Spangler had been running closer to 50 miles per week, but Rios prescribed 100. They would run workouts like 8 x 1 mile with short rest alternating between 5 minutes, 45 seconds and 5 minutes, 5 seconds. Then, Spangler would come back the next day for another hard effort like a progressive long run. 

The training was working, and Spangler was staying healthy. Plus, Rios helped make Spangler believe. “He really started to give me confidence that I was actually going to make a proven marathoner,” she said. They decided to skip out on another attempt at 26.2 miles—an “A” standard wasn’t necessary.

Rios knew Spangler was getting fit. In December 1995, he pulled her aside at a practice and told her about a potential opportunity. “I don’t want to say you’re going to make the Olympic Team,” he said, “but I think you can do something special.” Rios explained that he had spoken with Joe Douglas, coach of Carl Lewis and the Santa Monica Track Club, and they arranged for some athletes to go live in Southern California during the winter to train for the Olympic Trials. Lewis was even going to pay for their housing.

Spangler jumped at the opportunity. Rios had built up Spangler’s strength work, Douglas’ training sharpened her skill set. Training along stretches that made up the 1984 Olympic Marathon course in Los Angeles, Spangler would run 18 to 20 miles at 6-minute pace in the morning, then come back for a 6-mile jog later that day. She felt stronger and stronger as February and the Olympic Trials marathon approached, even running 4 x 3 mile at 5-minute-20-second pace and remembering it feeling easy.

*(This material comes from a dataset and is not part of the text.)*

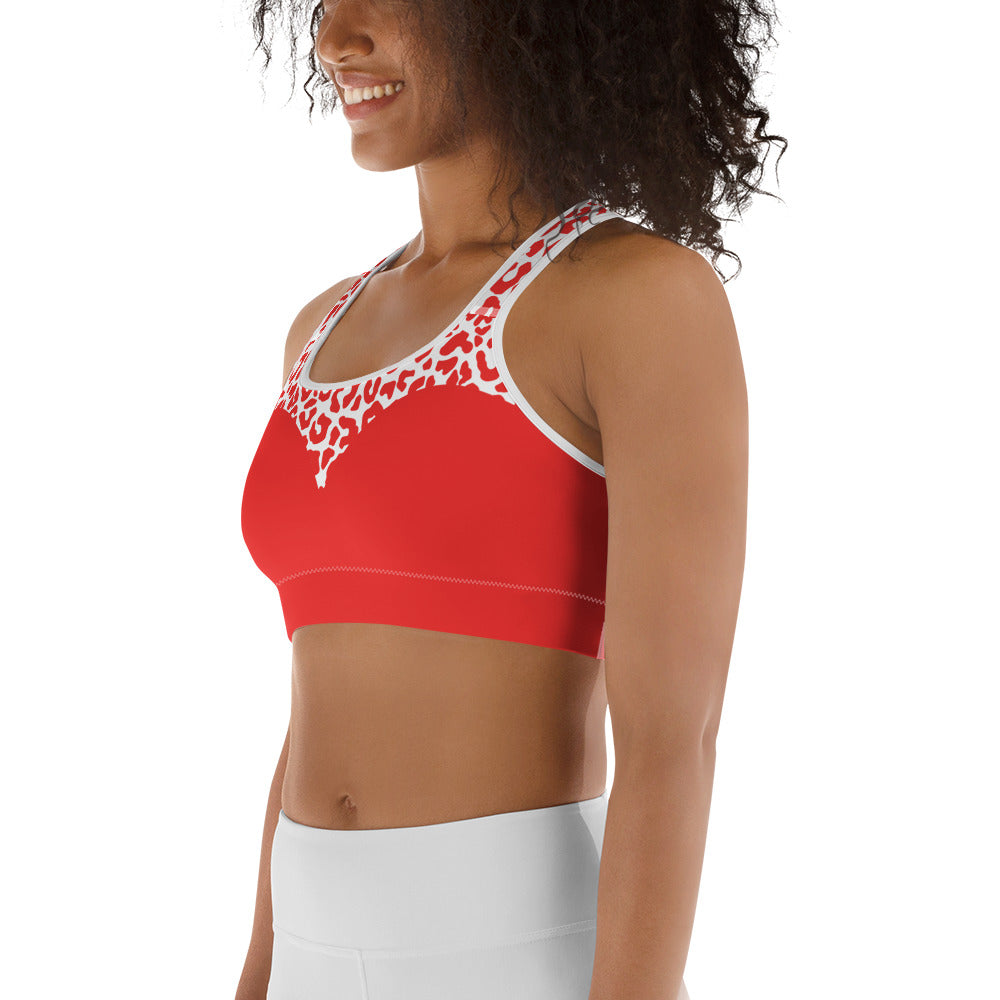 Red Leopard Heart Shaped Sports Bra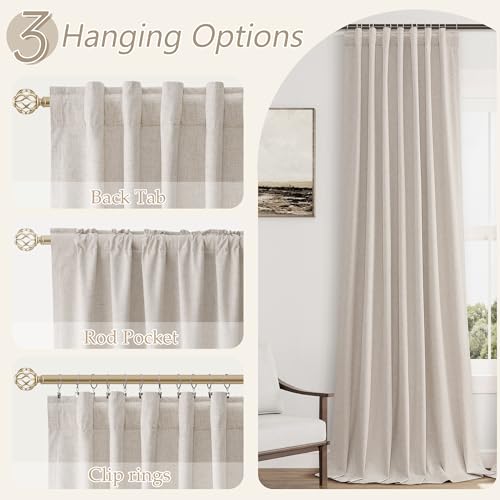 100% Blackout Curtains 84 Inch Length 2 Panels Set for Living Room Bedroom Back Tab Thermal Insulated Black Out Linen Drapes Room Darkening Window Curtains 84 Inches Long (Sand Beige / 52"W x 84"L (Pack of 2))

Still, she had not run a marathon since Chicago in 1994, so Spangler and her coaches spoke a lot about race strategy. The three knew she was in phenomenal shape, and they came up with a mantra of sorts: “Don’t be afraid to assert yourself.”

For Spangler, the 1996 Olympic Trials were a much different experience. She arrived in Columbia with no fanfare. She was ranked No. 61 in the field, and many had likely forgotten she was still the American junior record holder in the event. She was not invited to the press conference and wasn’t on any expert’s list of contenders.

For Spangler, that was just fine. She had never loved the limelight anyway and worrying solely about herself meant she could focus on her goal: Running the marathon of her life.

* * *

* * *

Sixteen miles into the 1996 Women’s Olympic Trials Marathon in Columbia, South Carolina, Anne Marie Lauck watched a runner in a white Santa Monica Track Club singlet and swishy blue shorts—a runner she did not know—make a break from the lead pack and thought to herself, “She’s either for real or stupid.”

Spangler was having a similar thought.

Less than two hours earlier, she had looked around at the start line, noting her competitors and how fast they had run. Then she shook herself out of it and focused on the idea of asserting herself if the time came.

The first few miles went by in a blur. Spangler felt easy. Some of the women in the front pack were chatting with one another, discussing the pace and how the race might play out. “How are you people talking?” Spangler thought. “This the Olympic Trials!”

She stayed with the lead pack and was surprised how quickly the half-marathon mark came. The 5 minute, 40 second miles they were clicking off simply were not hard for Spangler. Rios was watching with Mike Tosic, Spangler’s then boyfriend who eventually became her husband, at the halfway mark. Tosic thought she was in over her head, but Rios could see how relaxed she was and assured Tosic that Spangler was having a good one.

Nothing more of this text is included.